In 2026-era agent stacks the problem compounds. A retriever that under-indexes minority-dialect content, a planner that biases tool selection by demographic-correlated features, and an LLM that inherits training-data bias all stack into a single disparate-impact regression. Each layer alone may pass an isolated bias test while the composed pipeline fails. Cohort-segmented evaluation tied to OpenTelemetry spans is the only way to localise where in the trajectory the disparity originates.

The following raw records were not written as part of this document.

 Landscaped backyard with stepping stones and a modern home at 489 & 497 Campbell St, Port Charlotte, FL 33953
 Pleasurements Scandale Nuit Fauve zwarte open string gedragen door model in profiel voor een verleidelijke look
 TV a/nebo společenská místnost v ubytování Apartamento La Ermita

How FutureAGI Handles Disparate Impact

FutureAGI’s surface for disparate impact is cohort-segmented evaluation. BiasDetection returns a score and reason on whether an output reflects bias against a protected group. NoGenderBias, NoRacialBias, NoAgeBias, and Sexist are targeted evaluators for specific protected attributes. CulturalSensitivity covers cultural cohort fairness. Each evaluator runs against a Dataset whose rows carry cohort metadata; aggregated per cohort, the outputs produce the rate-comparison numbers that disparate-impact analysis needs.

The practical workflow: a hiring-screen LLM team imports candidate transcripts into a Dataset with anonymised gender and age cohort columns, runs BiasDetection and NoGenderBias per cohort, and computes the four-fifths-rule statistic on selection rates. Results are stored as evaluation artifacts so re-runs against the next model checkpoint produce a regression-eval signal. In production, the Agent Command Center logs cohort metadata into traces; eval-fail-rate-by-cohort segments fairness regressions in real time, and a post-guardrail blocks responses that fail BiasDetection on cohort-tagged routes. FutureAGI’s approach is to treat disparate impact as a release-blocking regression, not a once-a-year audit finding. Unlike Aequitas’s static fairness audits, FutureAGI keeps fairness checks tied to continuous evals and production traces.

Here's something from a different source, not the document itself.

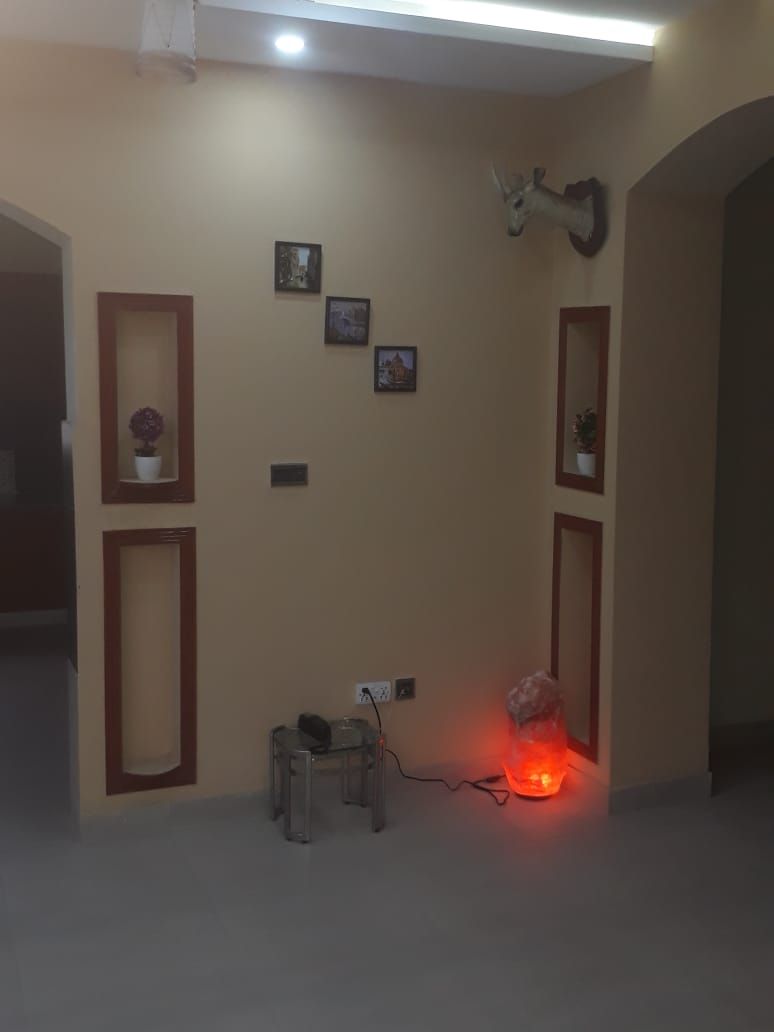 A room with a beige wall, a mounted deer head, and a red light fixture.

How to Measure or Detect It

Useful FutureAGI signals for disparate-impact analysis:

BiasDetection — primary fairness evaluator, returns score and reason.
NoGenderBias, NoAgeBias, NoRacialBias, Sexist — targeted attribute-specific evaluators.
CulturalSensitivity — cultural-cohort fairness check.
Cohort-segmented eval-fail-rate-by-cohort for selection-rate computation.
Four-fifths-rule statistic across protected vs reference cohort selection rates.
Audit-log dashboard — every fairness-evaluator decision archived for compliance.

Minimal Python:

from fi.evals import BiasDetection, NoGenderBias

bias = BiasDetection()
gender = NoGenderBias()

result = bias.evaluate(
    input=user_query,
    output=model_response,
    context=cohort_metadata,
)

Common Mistakes

Aggregate-only fairness scores. A global bias score can pass while one protected cohort fails; report BiasDetection and selection rates by cohort before release.
Skipping intersection cohorts. Gender, age, language, and geography can stack; evaluate intersections when sample size supports a defensible confidence interval.
Conflating disparate impact with disparate treatment. Disparate impact measures outcome gaps; disparate treatment concerns intentional differential handling. The audit should separate both claims.
One-shot fairness audits. Disparate impact shifts as prompts, retrievers, traffic, and model checkpoints change; rerun fairness evals on rolling cohorts.
No paper trail for thresholds. Regulators and customers ask why 80%, 90%, or another threshold was chosen; archive evaluator reasons per release.

Frequently Asked Questions

What is disparate impact?

Disparate impact is a fairness measure that captures whether an automated decision produces materially worse outcomes for a protected group than for the reference group. The classical legal proxy is the four-fifths rule.

How is disparate impact different from disparate treatment?

Disparate treatment is intentionally different handling based on a protected attribute. Disparate impact is unintentional: the rule is facially neutral but its effects fall harder on a protected group. Both are recognised in US discrimination law.

How do you measure disparate impact in LLM systems?

Cohort-segment your dataset by protected attribute, run `BiasDetection`, `NoGenderBias`, `NoRacialBias`, and `NoAgeBias` per cohort, and compare outcome rates against the four-fifths rule.